EXERCISE DETAILS:
Exactly the lines below, starting with the one containing "A partly sunny, 3°C" and going on through the one containing "Téléchargez les photos", must be reproduced, both ends included, and no pictures with them.

Web page caption snippets:
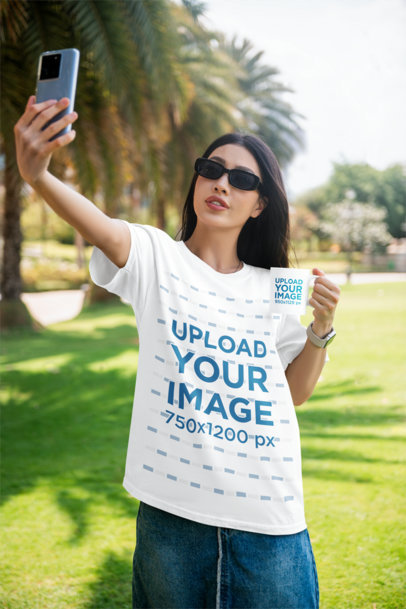 Bella Canvas Mockup Featuring a Woman With a T-Shirt and a Coffee Mug Taking a Selfie m40214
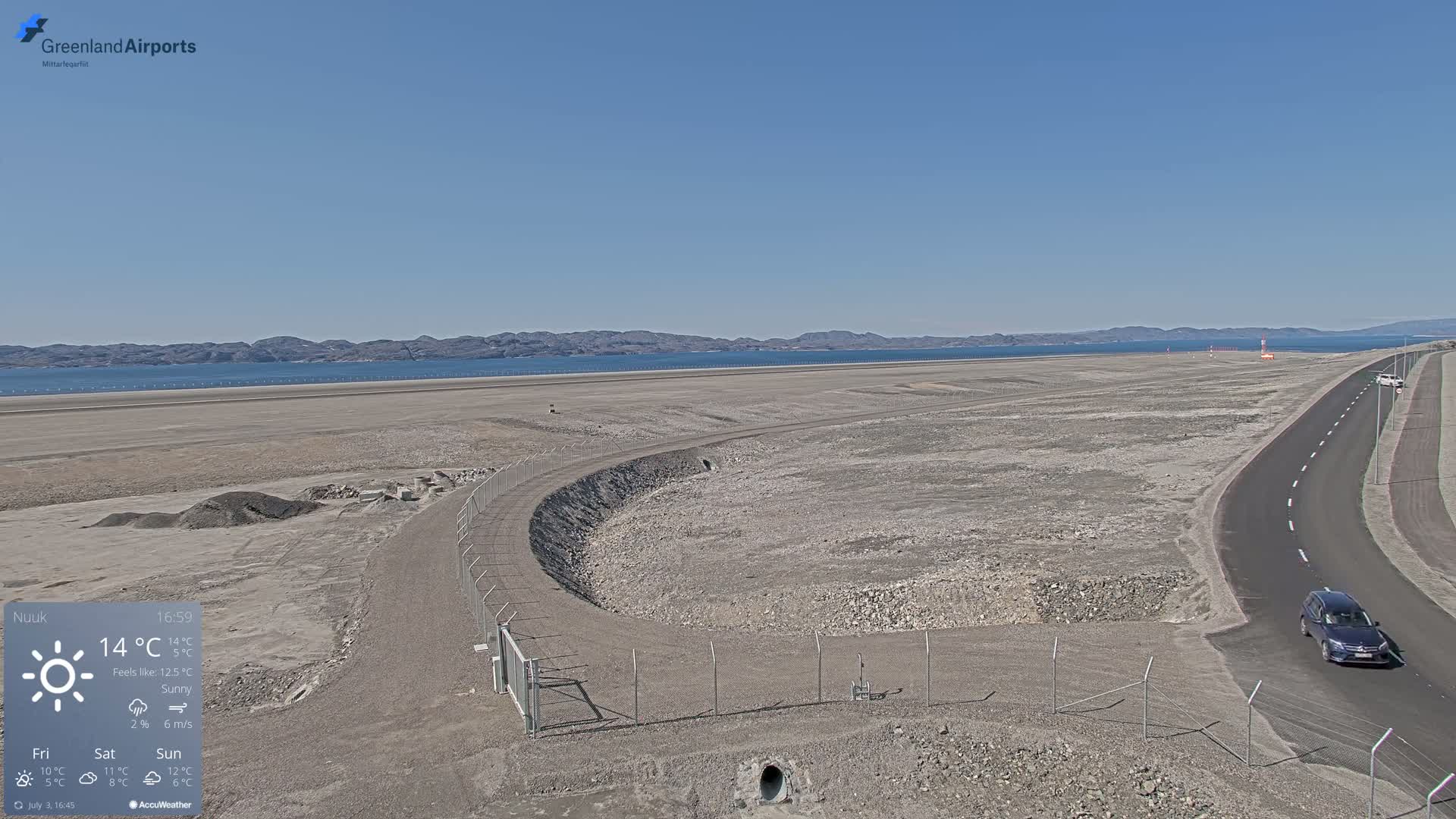 A partly sunny, 3°C day shows a large, flat, barren expanse of land with a road, a fenced-in area undergoing construction, and a yellow piece of construction equipment near a gate, all overlooking a calm body of water and distant mountains.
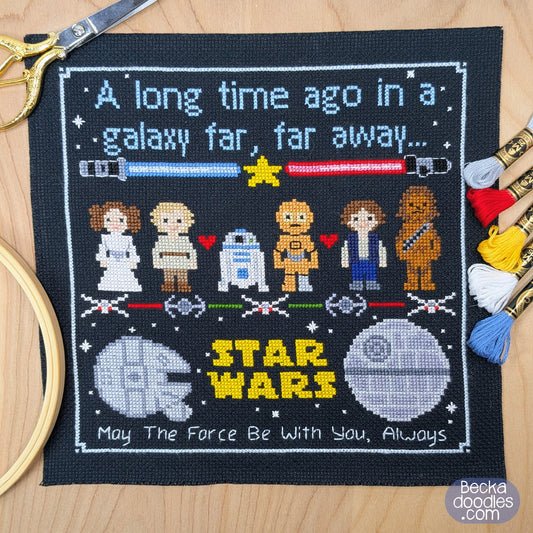 A square black cross-stitch sampler featuring a Star Wars themed pixel-art design with characters, lightsabers, the Death Star, and the quote 'May The Force Be With You, Always,' shown on a wooden surface with embroidery tools around it.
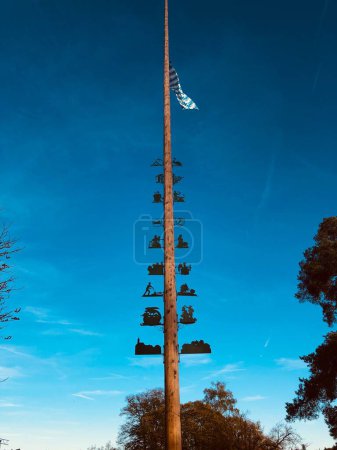 Téléchargez les photos : Plan vertical d'un Maibaum (Maypole) décoré, surmonté d'un drapeau, érigé par une journée ensoleillée - en image libre de droit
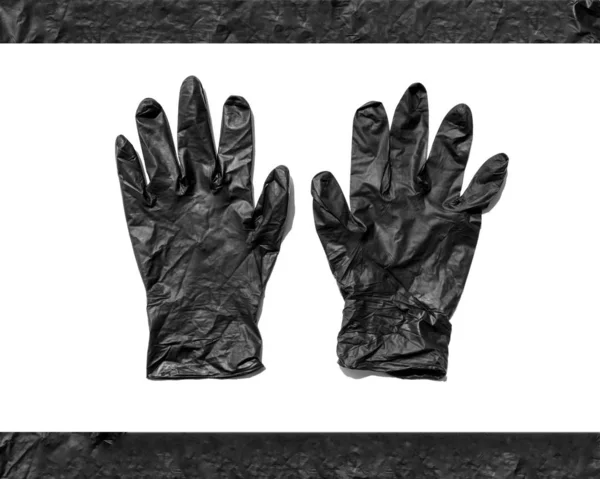 Gants froissés en caoutchouc noir isolés sur fond blanc. Nouveaux gants jetables en caoutchouc. Sujet protecteur — Photo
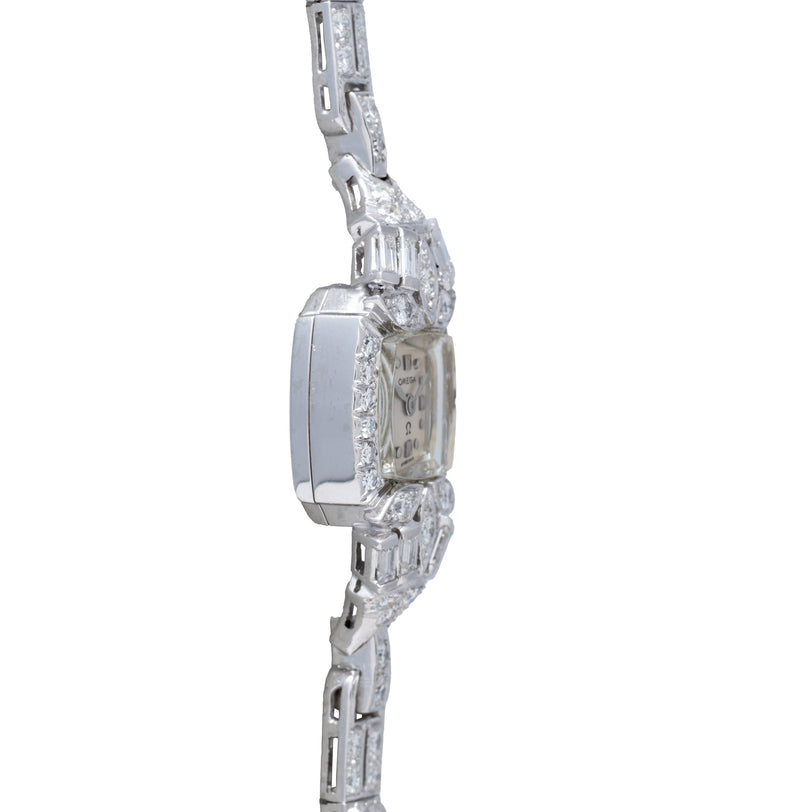 Silver-tone rectangular watch with crystal-embellished bezel and matching bracelet featuring geometric links.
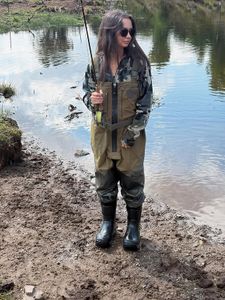 Angler with fishing rod standing by pond in Newport PA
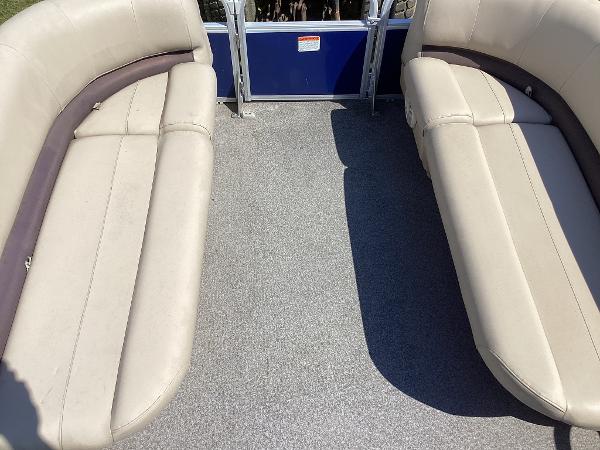 Slide: The Image of 2018 Sun Tracker Party Barge 18 DLX interior seating area with beige cushions. - 7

ANSWER BELOW:
 A partly sunny, 3°C day shows a large, flat, barren expanse of land with a road, a fenced-in area undergoing construction, and a yellow piece of construction equipment near a gate, all overlooking a calm body of water and distant mountains.
 A square black cross-stitch sampler featuring a Star Wars themed pixel-art design with characters, lightsabers, the Death Star, and the quote 'May The Force Be With You, Always,' shown on a wooden surface with embroidery tools around it.
 Téléchargez les photos : Plan vertical d'un Maibaum (Maypole) décoré, surmonté d'un drapeau, érigé par une journée ensoleillée - en image libre de droit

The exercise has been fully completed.